After college graduation, her credit card debt was manageable, but she kept charging without paying her balances in full.
By 2008, she owed $3,500 on her cards. By 2009, she was $5,000 in credit card debt. By 2010, she was too broke to make her monthly payments on time.
“Credit card companies started calling me at work and on weekends,” Kelly says. “I understand how that can drive some people to insanity.”
Finally, she reached the end of her rope. When one more collector called her at work, she broke down and asked, “What can I do? How can I get help?” Fortunately, it wasn’t hopeless. Here are the steps Kelly took to get back on track after her credit card nightmare:
Step 1: She found help.
When Kelly asked for help, she got it. She was referred to the Consumer Credit Counseling Service of San Francisco, a trustworthy organization that helped her tackle $18,000 worth of credit card debt and lower some of her interest rates (which had reached as high as 35%). Once she started debt consolidation, she had to find a way to manage a $509 monthly payment to keep on track, which she did in her next step.
Step 2: She changed the way she thought about money.
“I had to change my lifestyle,” Kelly says. Her family avoids eating out often, but does enjoy the food Kelly’s boyfriend brings home from his restaurant job. Nowadays, Kelly skips the happy hours she would have previously enjoyed—and probably charged on her credit card. After watching her own debt increase from year-to-year, she’s committed to the discipline it takes to watch her expenses. “It’s not a dead-end situation,” Kelly says, “but it is a commitment.”

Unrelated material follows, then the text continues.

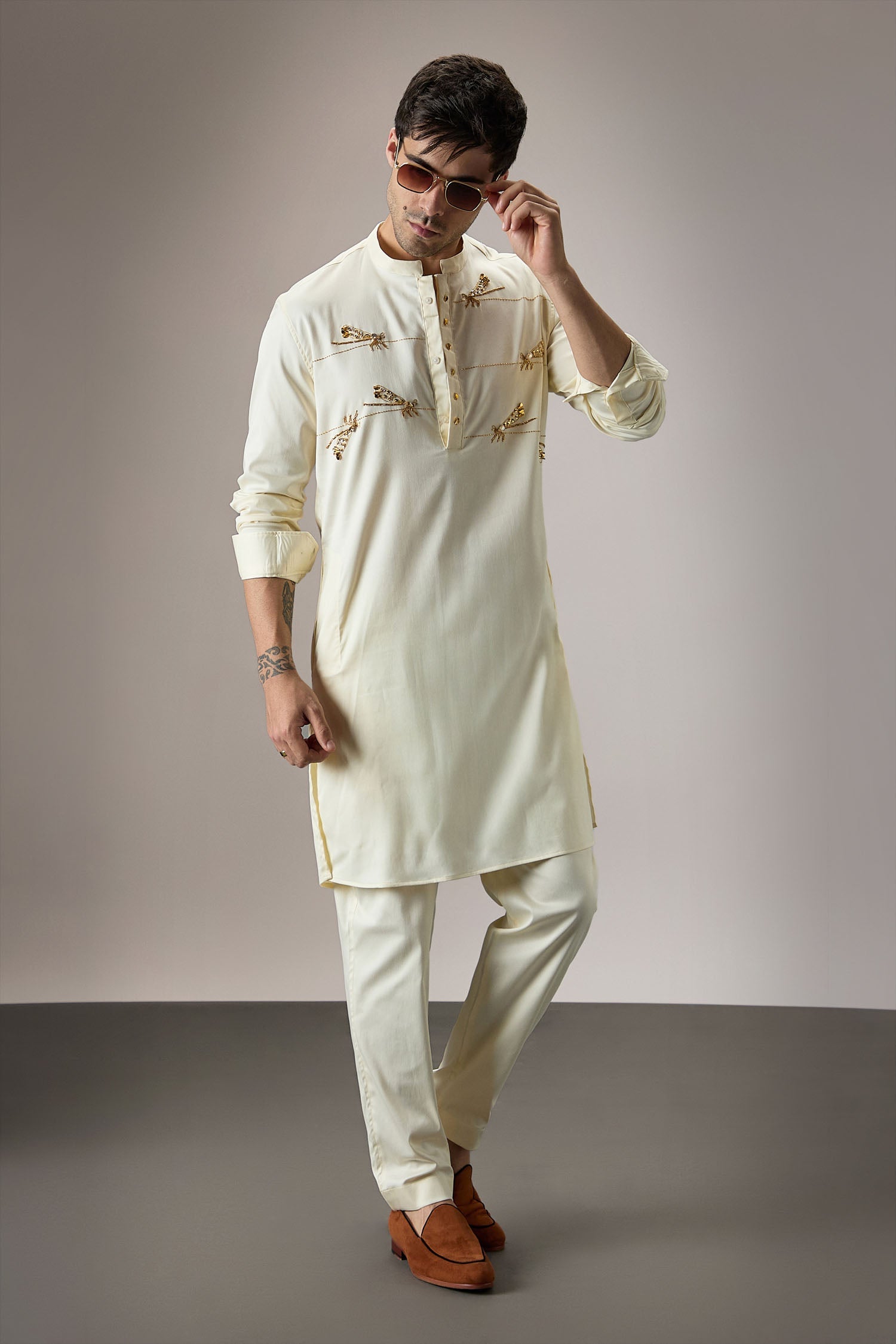 Dameslfly (Dragonfly) Hand Embroidered Designer Kurta - Ivory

Step 3: She found a system that works for her.
Some people use online tools like Bundle and Mint for money management. For others, it’s Excel spreadsheets. For Kelly, it’s Post-it notes. She uses them to keep track of which bills have been paid and when, and it works. She’s the first to admit that she’s “become a bit of a control freak” about money. First thing in the morning, Kelly checks her bank account. She likes to see the figures and know exactly what she’s being charged on any given transaction. By gaining control of her finances, she’s getting closer to financial freedom.
Step 4: She’s passing on the good habits to her son.

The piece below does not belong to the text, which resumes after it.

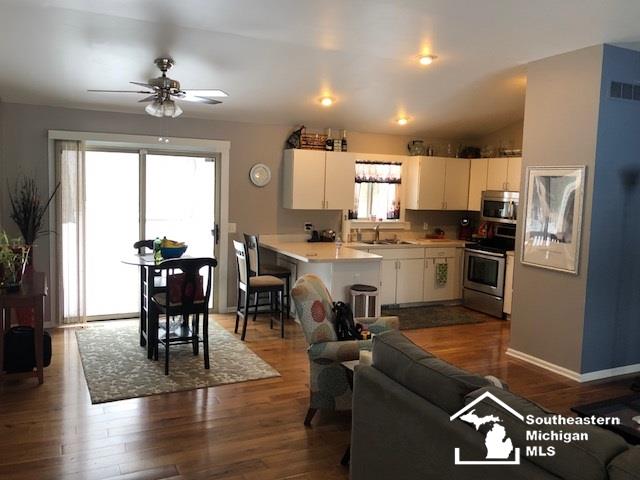 10290 Center Road Fenton, MI 48430 - Photo 6 of 16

Kelly didn’t have good money management examples growing up, so she hopes to raise her son differently. He’s only 11, and he already has a good understanding of the value of money. He collects recycling (such as cans and bottles) and sells them, and he empties the neighbors’ trash on Sundays to earn a little cash. He has seen his family struggle first-hand, so “he knows what it’s like,” Kelly says.
The Final Word
One day, Kelly will be proud to be credit card debt-free. In fact, that day is quickly approaching. “My total credit card debt—about $22,000 with interest—will be paid in full by November of this year.” Kelly says. “Now that is exciting!”
So what will she do with the $509 per month that was going toward that hefty debt? Instead of adding it to her expendable monthly income, she’ll be splitting it between savings, her 401(k) and a college fund for her son. “Sounds like a bright future for my family!”
*Name has been changed at source’s request.